Un inesperado encuentro con David, estudiante de sociología, a quien interpreta José Francisco Ramos, significa la toma de postura de este último, siguiendo los patrones sociales de menosprecio de lo que se considera normal, es decir la heterosexualidad. Un tercer personaje, interpretado por Alejandro Valenciano, aparece en escena como el radical militante de la oficialidad  comunista, a pesar de que su bagaje ideológico no parece de gran consistencia.

Entre los dos urden un complot para desenmascarar y anatematizar a Diego. Hasta ese momento la obra transita con un cierto equilibrio de fuerzas, pero hay un punto de inflexión cuando David interioriza la situación del artista y se observa a sí mismo en una aproximación lenta pero inevitable hacia él.

Ese juego psicológico es lo que da textura y profundidad a la trama, ahí es donde la pieza dramática adquiere densidad y se desata el conflicto. Algo que se resolverá cuando cada uno de los personajes destape su proceso emocional y acepte la radicalidad que cada cual encierra en su interior.

Algo que debiera definirse en el montaje es la presencia de la música, porque primero aparece de forma dietética, al contar con un gramófono en escena, que funciona y suena,  pero luego se recurre a una banda sonora convencional, en off ambiental. También la luminotecnia requeriría cierta precisión y algunos matices.
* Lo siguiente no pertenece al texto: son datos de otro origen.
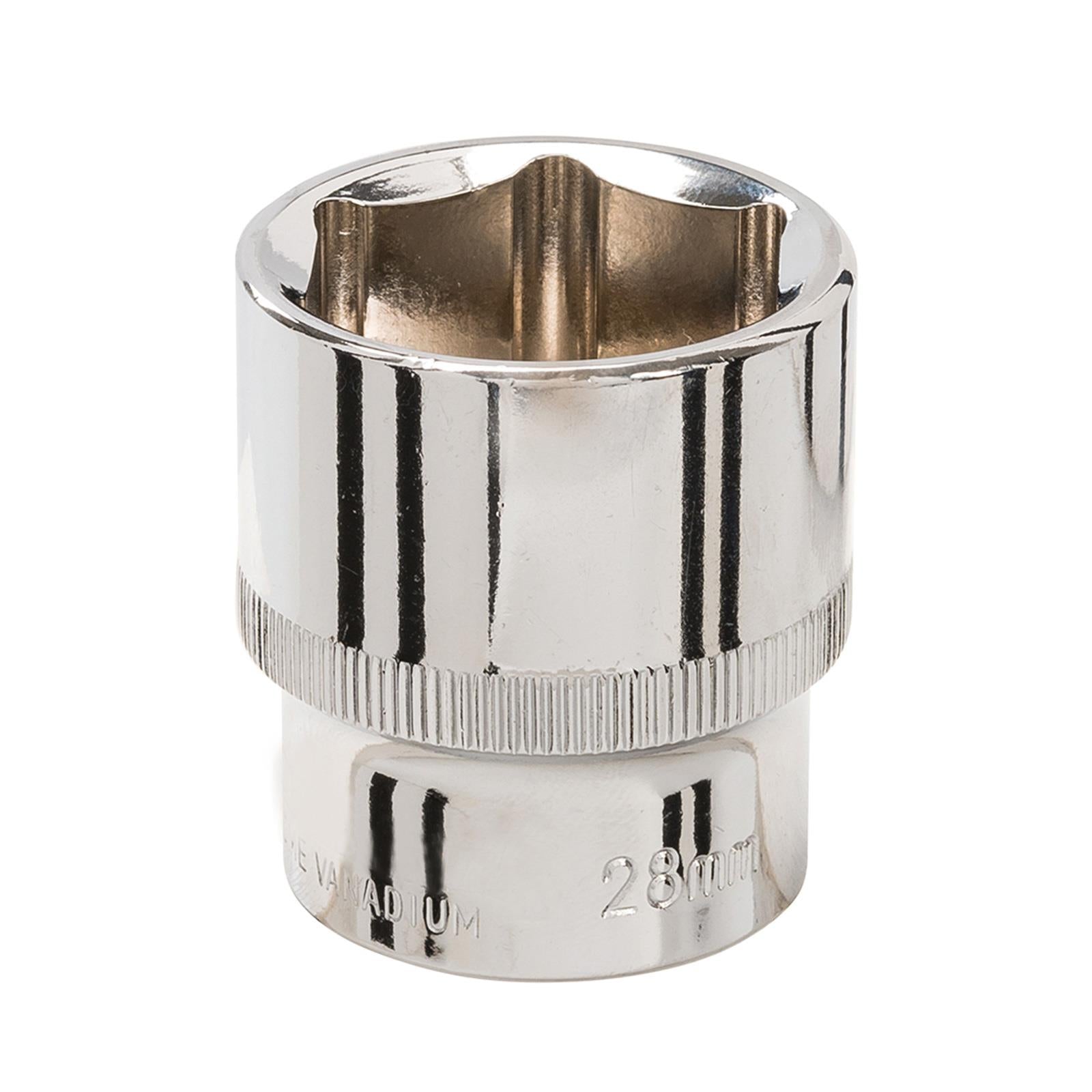 Socket 1/2" Drive Metric Hex Square 28mm Individual Hex Polished Crv Quality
Al margen de estos detalles, la conclusión de la pieza es clara: la intolerancia tiene mal futuro y la escena final lo confirma cuando, aunque sea de forma cómica, no exenta de simbolismo, los papeles iniciales de Diego y David aparecen invertidos para explicitar la relatividad de todos los dogmas.

EL NOMBRE

Típica comedia francesa, de Matthieu Delaporte y Alexandre de la Patellière, la ofrecida en el Teatro del Mercado el pasado fin de semana, en adaptación y dirección de Daniel Veronese. Una cena familiar a la que también acude un amigo íntimo, va a destapar toda una serie de disensiones y enfrentamientos entre los presentes. El amigo común será quien finalmente desate la gran controversia.

La obra está diseñada como un tobogán, con alternativas que se suceden y se contraponen destapando en cada giro el sustrato de la comunicación, en buena parte convencional y hasta hipócrita, que se ha mantenido entre los tres hombres, Vicente, Pedro y Claudio, amigos de la infancia, y entre las dos mujeres, Ana y Elisa, la última hermana de Vicente y esposa de Pedro.
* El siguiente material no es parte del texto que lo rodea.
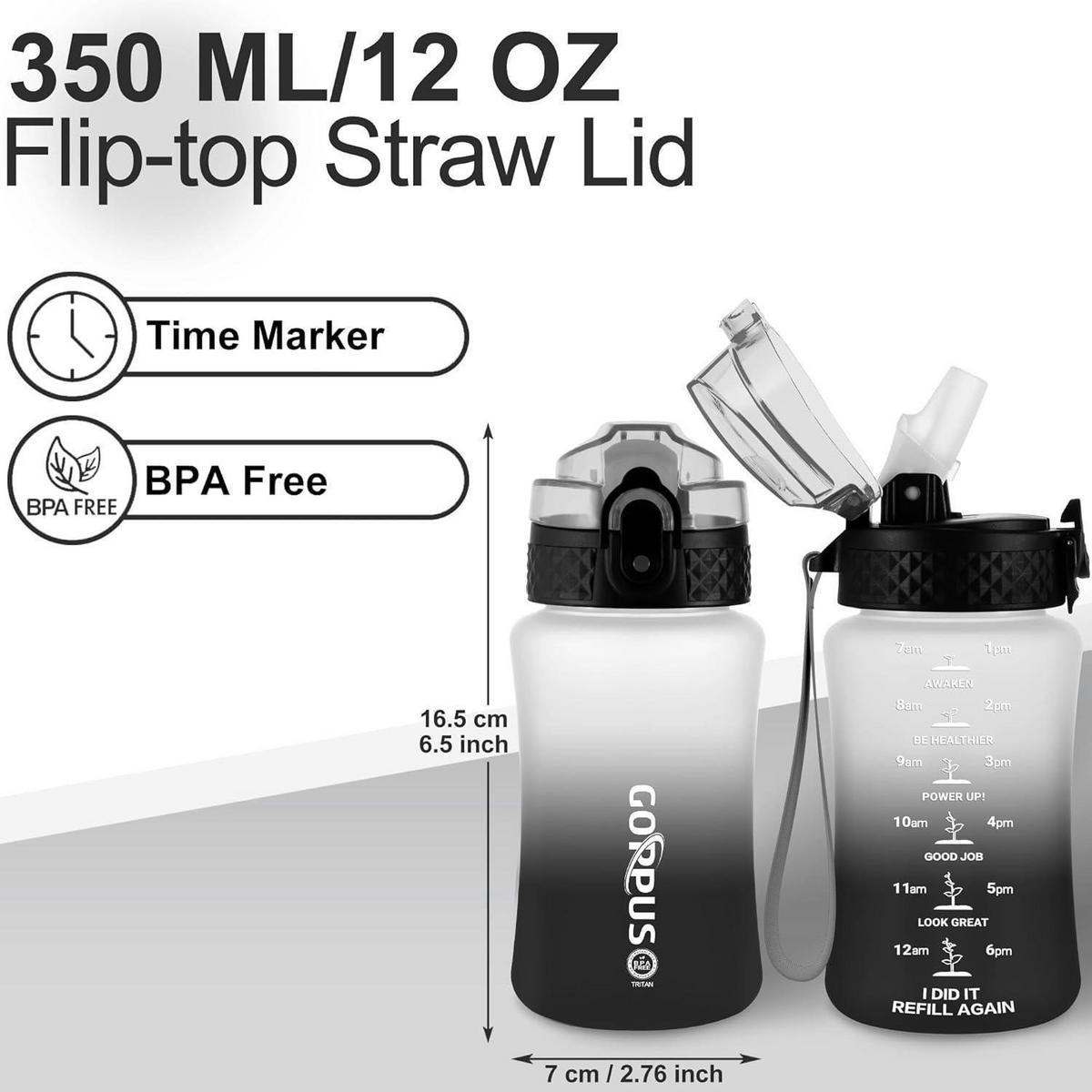 TRINKFLASCHE Kinder 350 ml mit Strohhalm und Zeitmarkierung BPA-frei auslaufsicher weiß-schwarz - Multicolor, Kunststoff (6.5/6.5cm)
El anuncio de la llegada de un bebé, hijo de Ana y Vicente, y la elección de su nombre es el primer conflicto planteado entre bromas y veras, para ir sucediéndose otros varios que el tiempo había encubierto, pero que laten en el sustrato de cada cual. Hay una figura importante fuera de escena, solo con presencia telefónica: la madre de Elisa y Vicente, que juega como nexo de unión entre las diversas partes.
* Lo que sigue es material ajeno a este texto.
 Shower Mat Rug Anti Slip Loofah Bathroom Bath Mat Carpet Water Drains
Los conflictos van destapándose de forma sucesiva, se superponen, se contraponen y revierten sobre los protagonistas que desarrollan una actuación verosímil, a veces un tanto estereotipada. Los elementos previsibles son la clave de la faceta cómica de esta reunión, que trata temas de mayor enjundia, como la imagen propia y el juicio de los demás, el significado simbólico de ciertos nombres, el derecho a la intimidad y la crítica de los usos sociales, como cuando se descubre la relación de pareja entre una señora mayor y un hombre relativamente joven.

Hay un juego de idas y vueltas, de acusaciones y reproches, con un ritmo finamente establecido, con actuaciones bien estudiadas de los cinco actores, Gloria López, Pedro Morales, Jesús Calvo, Orencio Ortega y May Pascual, con ocurrencias oportunas que dan lustre a la comicidad en medio de la tensión que se respira.

El único escenario, un salón comedor, no requiere especiales estrategias escenográficas, ni tampoco un apoyo sonoro. El texto fluye veloz, las palabras se apoderan de los sentimientos, los gestos adquieren significado, incluso los esporádicos silencios van subrayando las flaquezas de cada uno de los participantes, que abandonan el escenario obligando a desnudarse emocionalmente a Vicente, sobre quien ha basculado toda la comedia.

A pesar de los conflictos, los autores dan a entender que la vida sigue y que han de admitirse las deficiencias de cada persona para mantener en pie la convivencia social.